You will have to sometimes refuse to go out to get work done at university, there’s just no other way but my friends in other subjects have not had the problem of workload to the same extent that myself and my law friends have, so the consensus is that there is more to the course to cover. You’ll probably find it to be a very quick course trying to cover a great deal of information very quickly, the Scottish LLB (my course) tries to have a lot of students ready to study law further in two years while third year and honours provide an opportunity to broaden skills and cement them.  The specifics of the degree will differ depending on the law school you decide to go to but the standard form in Scotland is a four year degree (three years to Ordinary/Pass level and an additional year of honours, sometimes two years for the pass degree to give more time) this is then followed by a number of post graduate options which take between 1 and 3 years depending on what you want to be able to practice after your degree.  Graduate students can opt for a very quick degree which lasts 2 years.

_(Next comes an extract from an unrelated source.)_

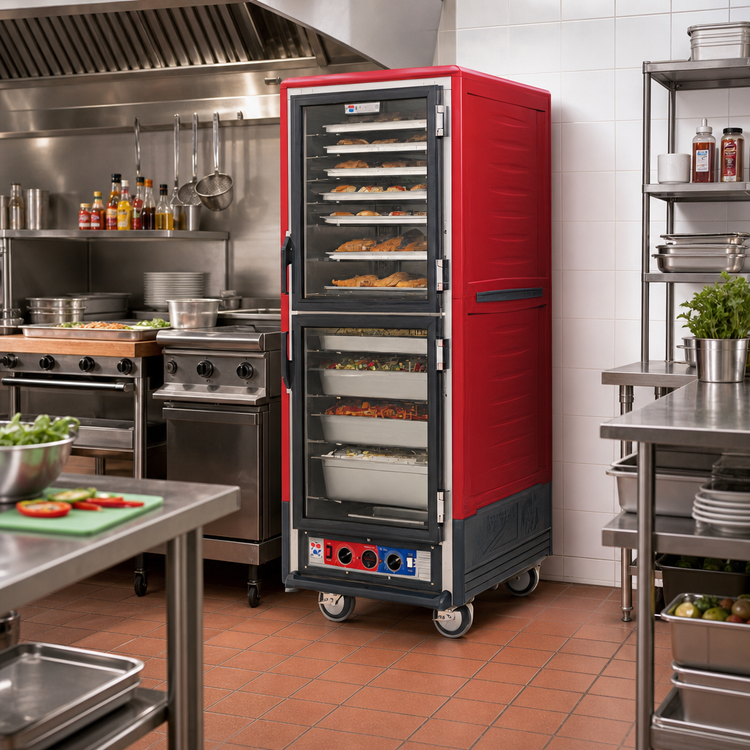 Product image #2 for Metro C5 3 Series Red Insulation Armour Full-Height Heated Holding Cabinet, Lower Wattage, Dutch Clear Doors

So the pacing may take you by surprise – I was stunned when, on my first day, in my first lecture of higher education I was handed an assignment that would count towards my future employability. Law believes in learn by doing in a huge way. There’s really no messing about as a law student.

It’s not all bad – the course is supposed to stretch and it’s a really good challenge. It just won’t be as easy to maintain the sort of records of going out that people in other degree courses manage to do. You will hear people from the business school boasting about their 17-18 hour stints at the students union and your first thought will honestly be how they find the time. Many students on my law course have survived without becoming a studious recluse, myself included, and it will not stop you enjoying university as much as anyone else. Just consider that a lot of your academic success will be from a knack of pulling off coursework and exams which the markers like – like all English based subject law is also very subjective with the learned principles you have given providing a guide to your own style – your ability to compose, frankly, arty answers to questions is what will propel you though.

So, how hard is law school? Enough to be getting on with and you should consider if you feel up to the work before you start and always remember that in Scotland you are allowed a “false start” without losing your free education, so if you find it horrible after the first year be aware that there are options to get you away from it. Don’t believe the horror stories though – there’s no “book of laws” to memorise for the exam at the end of the year, it’ll resemble high school English and Modern Studies a lot more than the profession is probably happy with.